To Be Refactored for version 2
ATTX Semantic Broker - Data Administrator's User guide
Introduction
This user guide is for people who have an ATTX Semantic Broker platform instance up and running and want to start working with data. ATTX uses UnifiedViews ETL tool as the tool to define, execute, monitor, debug, schedule data related processes. In UnifiedViews these processes are defined as pipelines, which consists of steps that are implemented using DPUs (Data Processing Unit).
The traditional way of using ETL tools is to create potentially complex pipelines that Extract data from one or more data sources, run multiple Transformations and finally Load the data to another system. In these scenarios, ETL tool sits in the middle, handling data flows from A to B. In ATTX Semantic Broker, ETL is part of the system itself and the system can use itself as the data source. From the ETL point of view, it is a opinionated framework for building pipelines.

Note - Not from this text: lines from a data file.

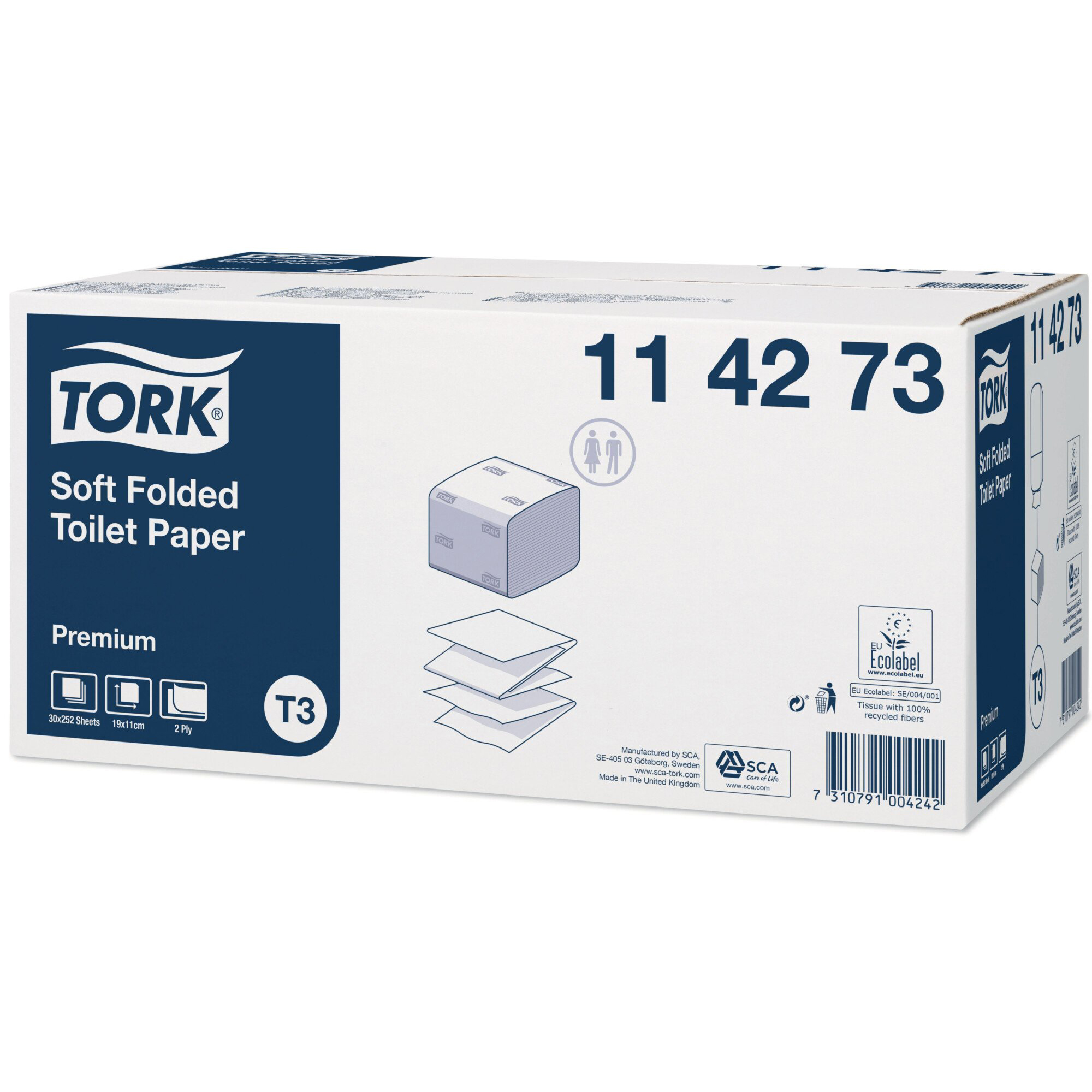 Tork Χαρτί Τουαλέτας  Soft Φύλλο-Φύλλο  Λευκό 252 Τεμ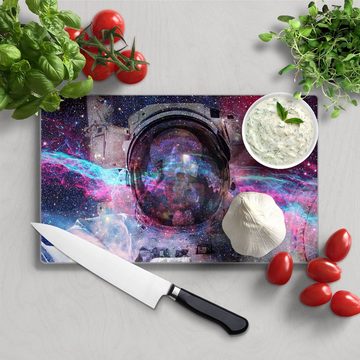 DEQORI Schneidebrett 'NASA Astronaut in Nebula', Glas, Platte Frühstücksbrett Schneideplatte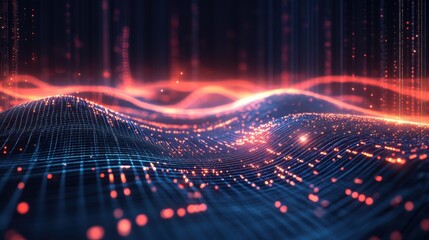 Poster - A vibrant, abstract representation of digital waves, featuring glowing lines and dots, evoking a sense of motion and technology.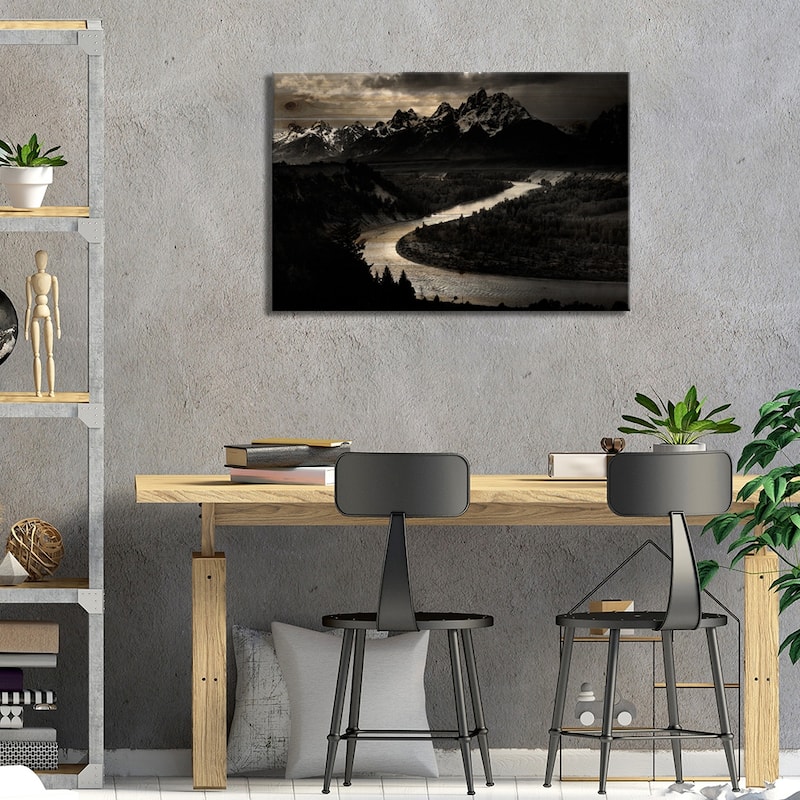 The Tetons - Snake River Print On Wood by Ansel Adams - Multi-Color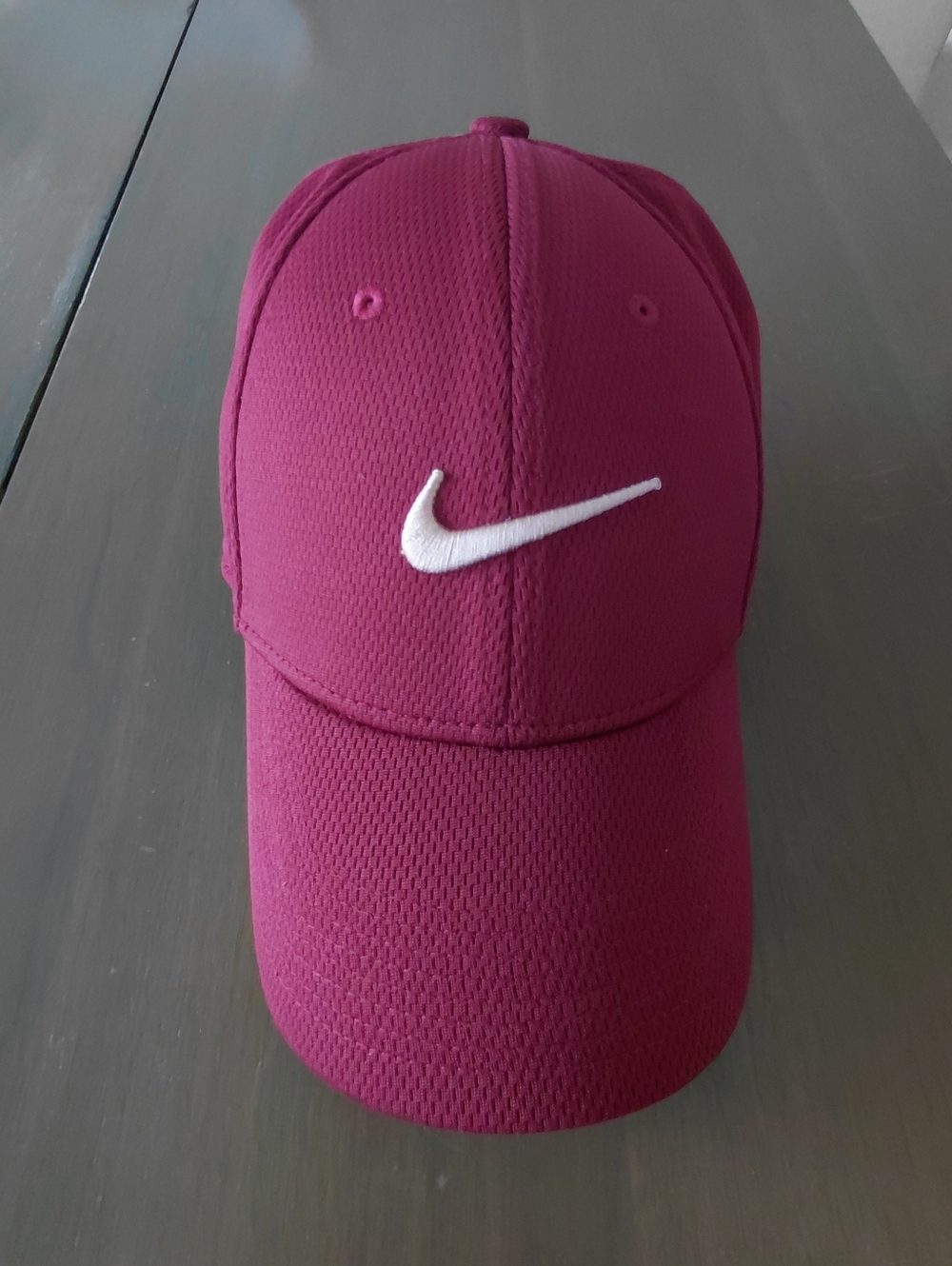 Nike Legacy Maroon White Fitted Vented Embroidered Baseball Cap.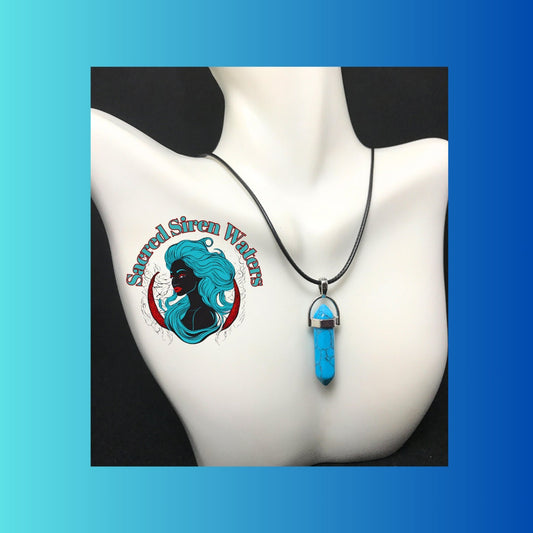 Blue Turquoise gemstone crystal point pendant necklace.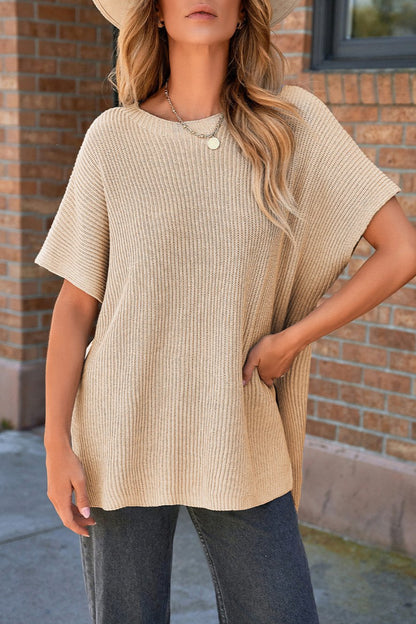 Short Sleeve Side Slit Sweater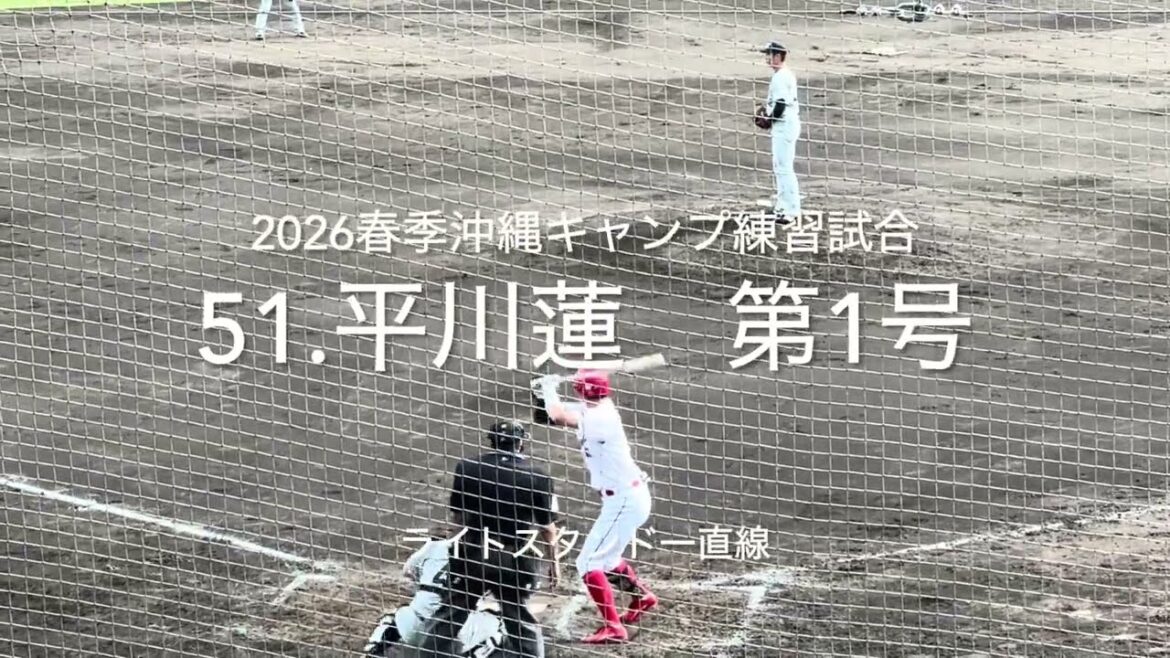 カープの対外試合初本塁打はドラフト1位平川のライトスタンドへの一撃【2026.2.18春季沖縄キャンプ　練習試合広島vsロッテ】#広島カープ#2026春季沖縄キャンプ#コザしんきんスタジアム#平川蓮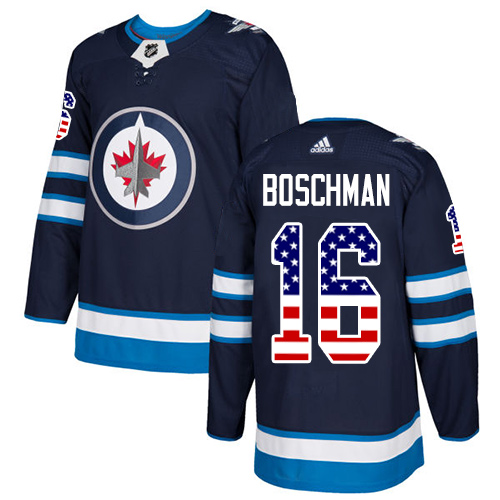 Youth Adidas Winnipeg Jets #16 Laurie Boschman Authentic Navy Blue USA Flag Fashion NHL Jersey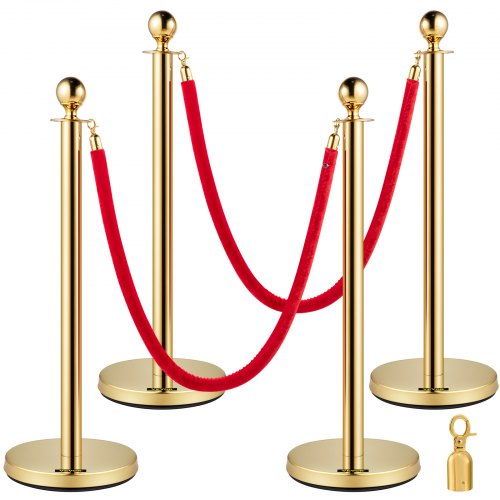 VEVOR 38 Inch Stanchion Posts Queue, Red Velvet Rope (3, Gold)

ATTX Semantic Broker has three types of pipelines: Ingestion, Processing and Distribution. Each type has its own characteristics, but the main ideas are as follows:
- Ingestion pipelines are the only ones that work with external data;
- Processing pipelines only work with internal data;
- Distribution pipelines are the only ones that are used to expose/distribute/publish data to the public.
Table of Contents
Pipeline Types
Every pipeline essentially represents one or more datasets.
Ingestion Pipelines
Simple download and replace
The simplest ingestion pipeline consists of three DPUs as depicted in figure X. In this example the downloaded data is already in RDF format and requires no transformations. Replace dataset loader means that old version of the data are always completely replaces with the new version.
This kind of pipelines can be used to download ontologies or vocabularies to the Semantic Broker.
Download and transform
It more common that the source data is not in RDF format or that the structure of the data is not exactly what you want store internally. Figure X shows an example where RMLTransformer
is used to transform from example CSV file into RDF before adding in to the Semantic Broker's data storage.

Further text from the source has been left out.